Best practice legal trapping and snaring confers a benefit on the survival of fragile species, particularly those nesting on the ground which are more vulnerable to nest and chick predation. 

Scotland has a rising population of generalist predators such as foxes, stoats and corvids and, as a result, we are losing ground-nesting species (which the public love) at a disproportionate rate, albeit significantly less so in areas where professional gamekeepers apply consistent and often joined-up legal predator management at a landscape scale. The loss of ground-nesting species will only continue to rise as we move towards a tree cover target of 21% by 2032. Forestry provides prime cover from which generalist predators can emerge to hunt their prey.

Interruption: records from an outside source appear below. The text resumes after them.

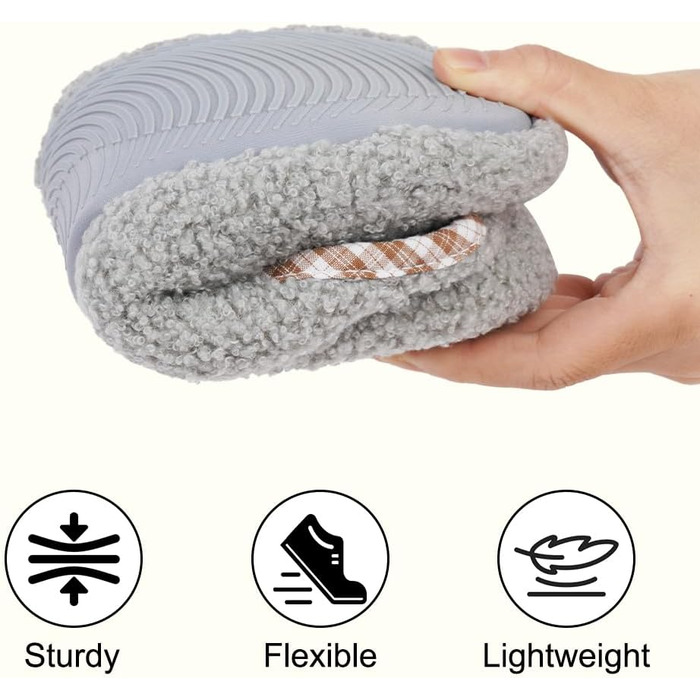 OFFCUP Теплі жіночі халати з меморі-піни: зимові халати, халати з бавовни, халати з плюшу, сірі, 37-38 розмір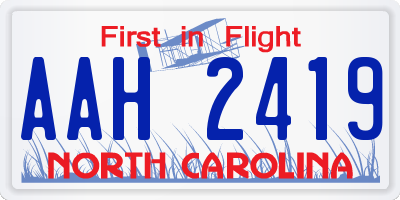 NC license plate AAH2419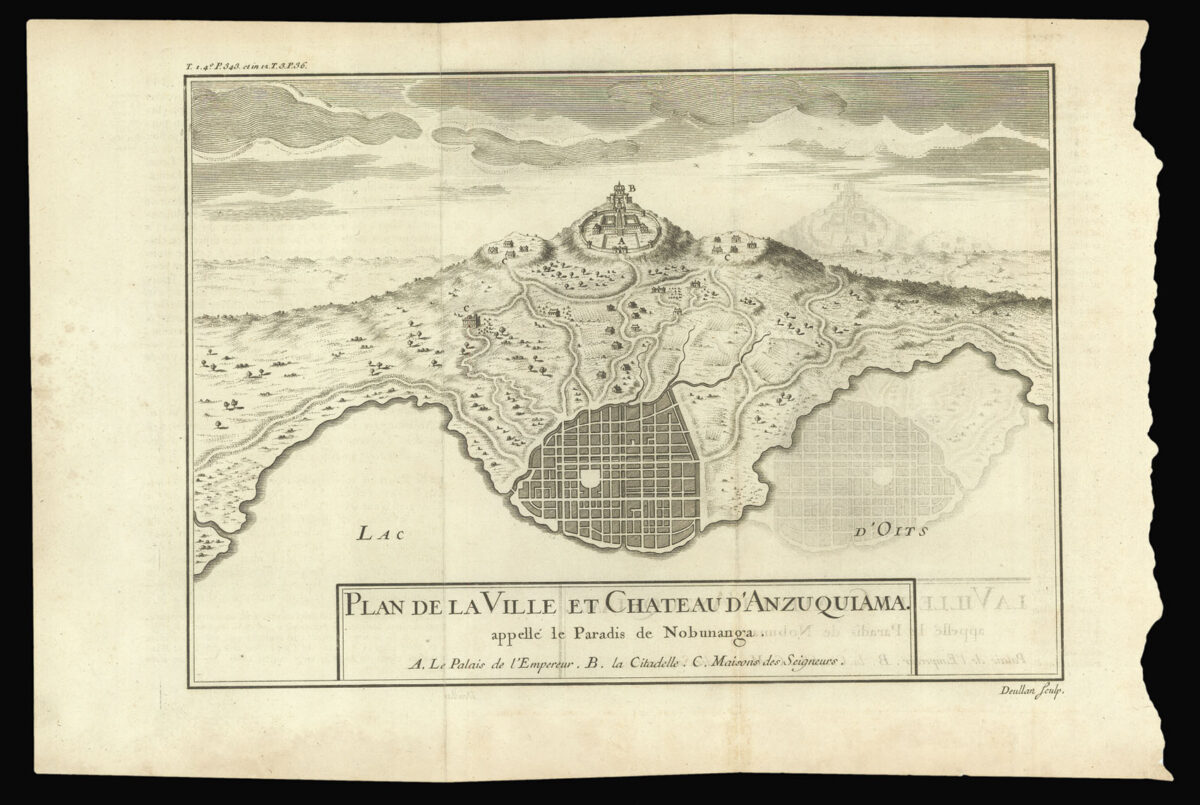 DE CHARLEVOIX, Pierre Francois Xavier Plan de la Ville et Chateau de Anzuquiama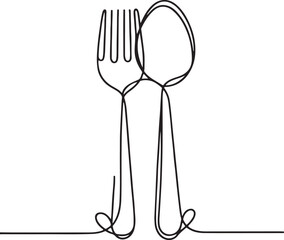 Minimalist Line Drawing of Fork and Spoon on White Background Simple Elegant Art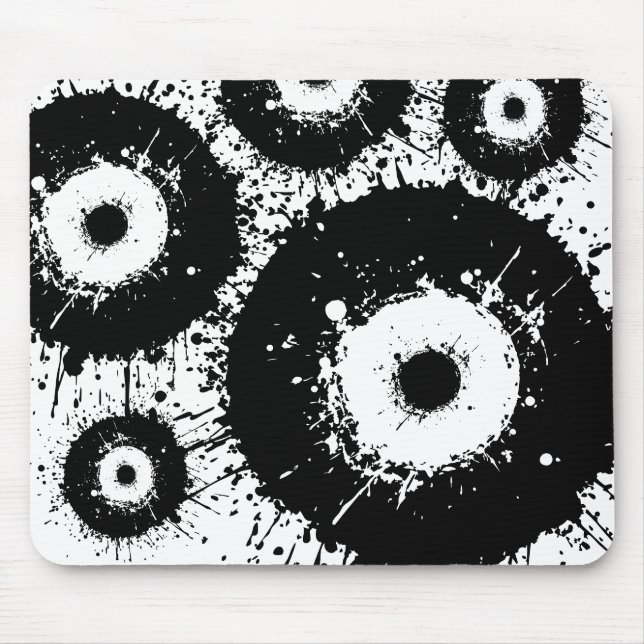 Tapis De Souris Oeil mal noir et blanc (Devant)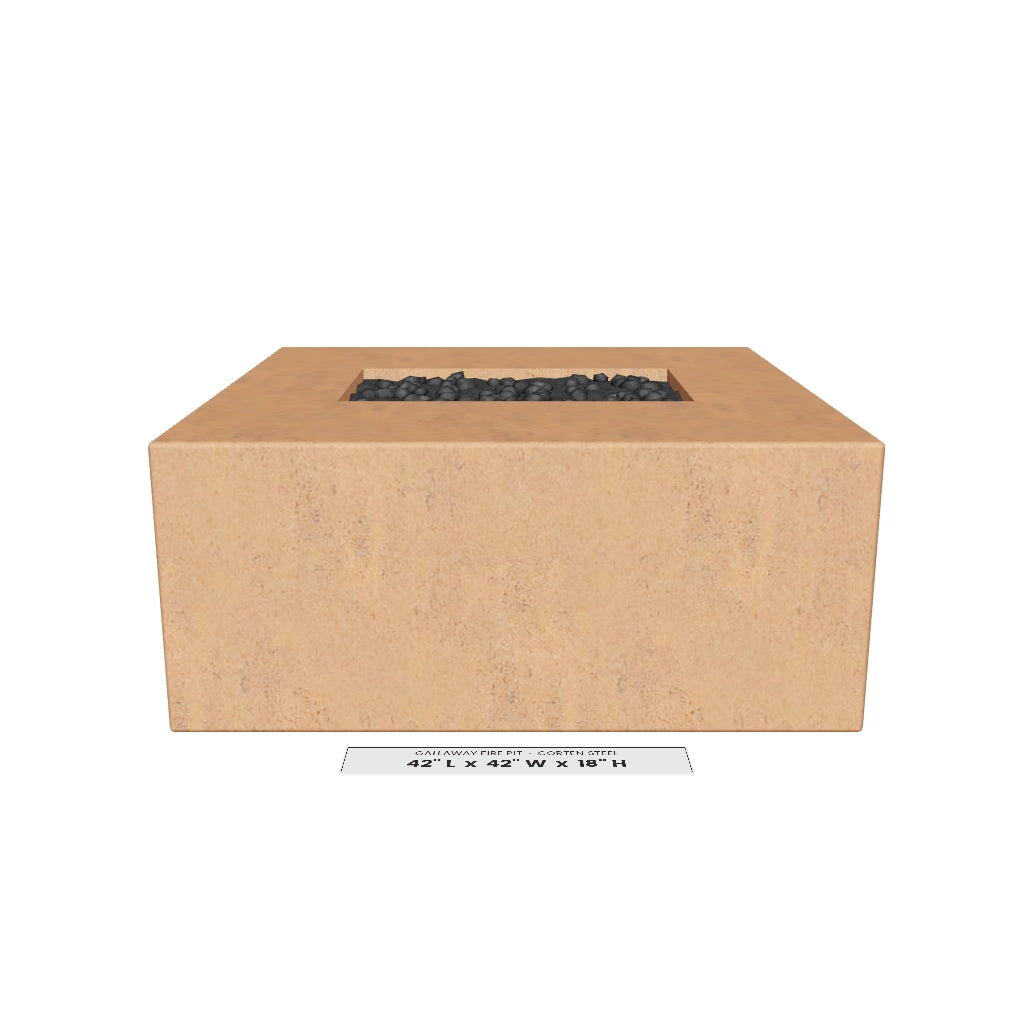 Gallaway Fire Pit Corten Steel 3D model – 42 in x 42 in x 18 in tall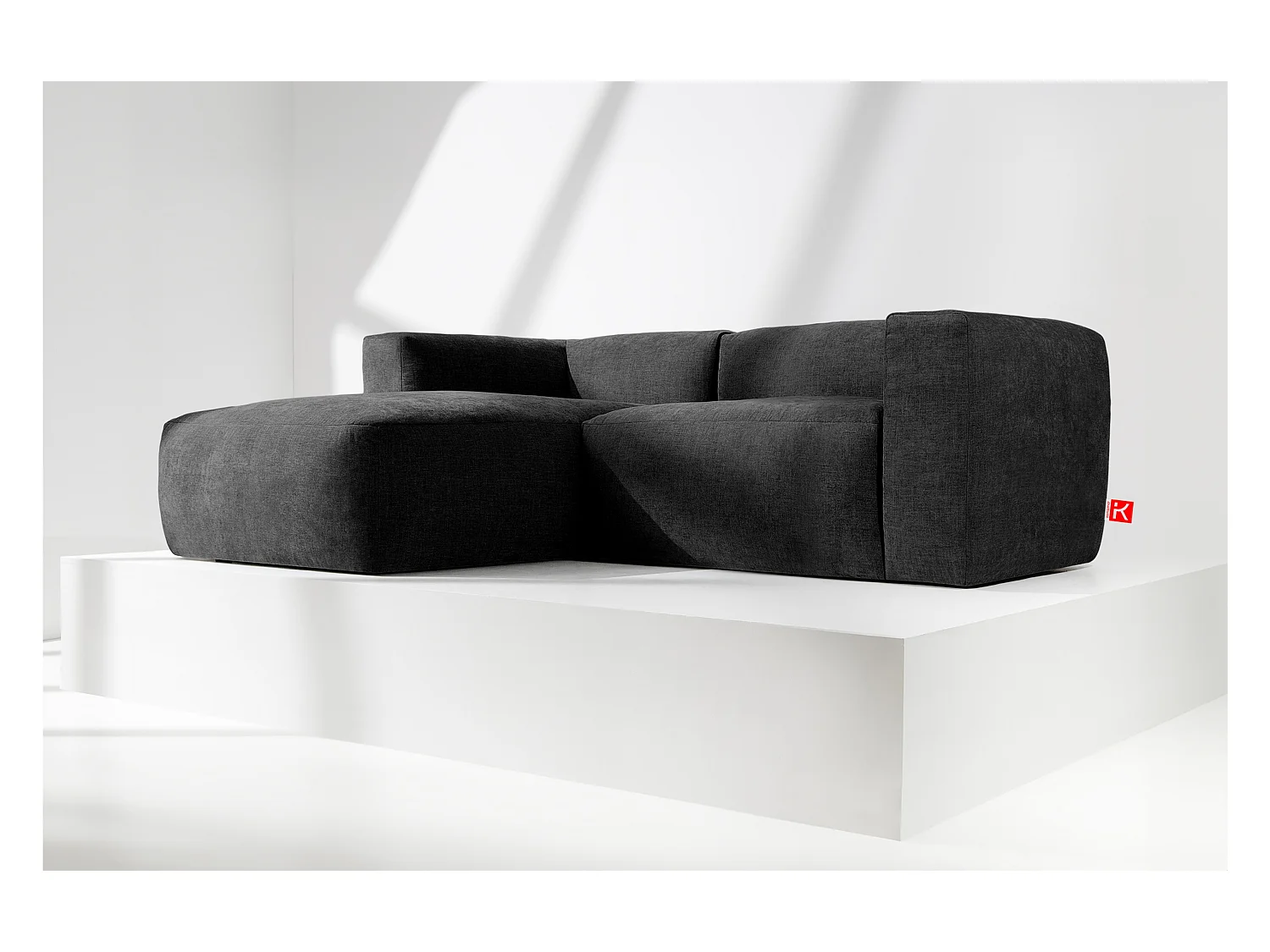 Canapé d'angle gauche 3/4 places avec assise extrêmement moelleuse et confortable - gris - BUFFO
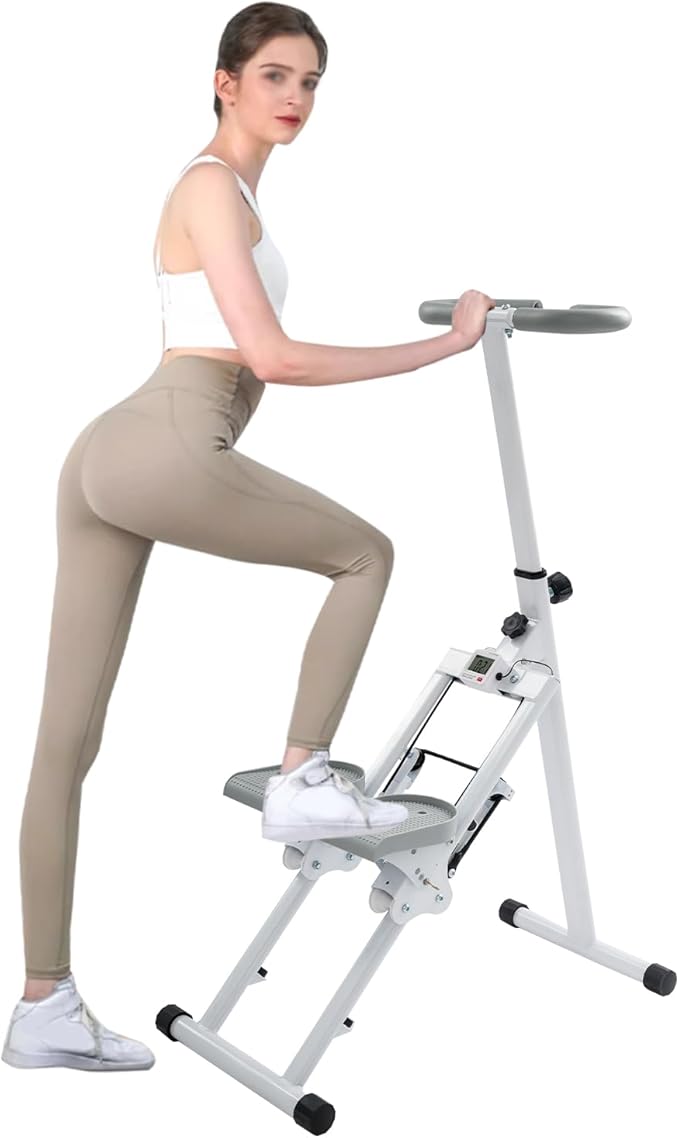 Foldable Stair Stepper Climber with Non-Battery Counter, 1.2mm Carbon Steel Frame, 220LBS Capacity, 3-Level Adjustable Pedals for Home Gym Full Body Workout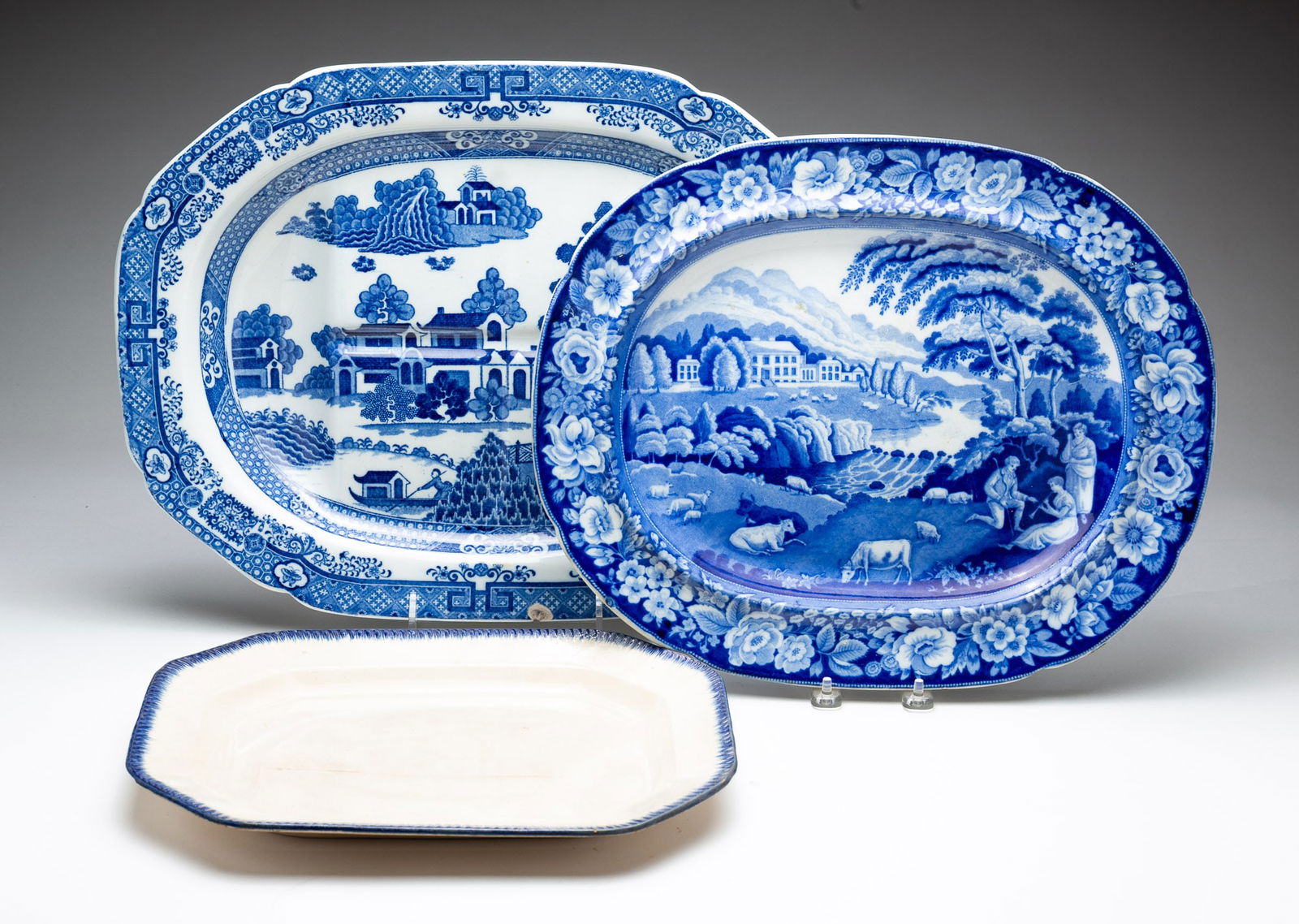 THREE STAFFORDSHIRE PLATTERS. (1 of 9)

Increased forest cover in Scotland leads to greater numbers of generalist predators

If we are to truly address the challenges of the Nature Emergency, particularly for ground-nesting species, we need to acknowledge and encourage skilled legal predator management in Scotland ( by whomever ) to address the imbalance, whether or not the primary purpose of said predator control is to protect an economic interest. The same fox or crow that would eat a lamb or a grouse would eat the chicks of a Curlew. The stoats being eradicated on Orkney to protect native wildlife have the same diets as the mainland stoats which are being controlled on private farms or landholdings. This legal predator control, too, is protecting native wildlife. Indeed, it is vital that this latter form of control continues and is encouraged because it carries far less burden on public finances. These land managers need to be embraced as a vital part of Team Scotland if we are to tackle the Nature Emergency together and in a way that can be afforded.

Given the above, we can accept licensing of certain traps, with the following caveats. 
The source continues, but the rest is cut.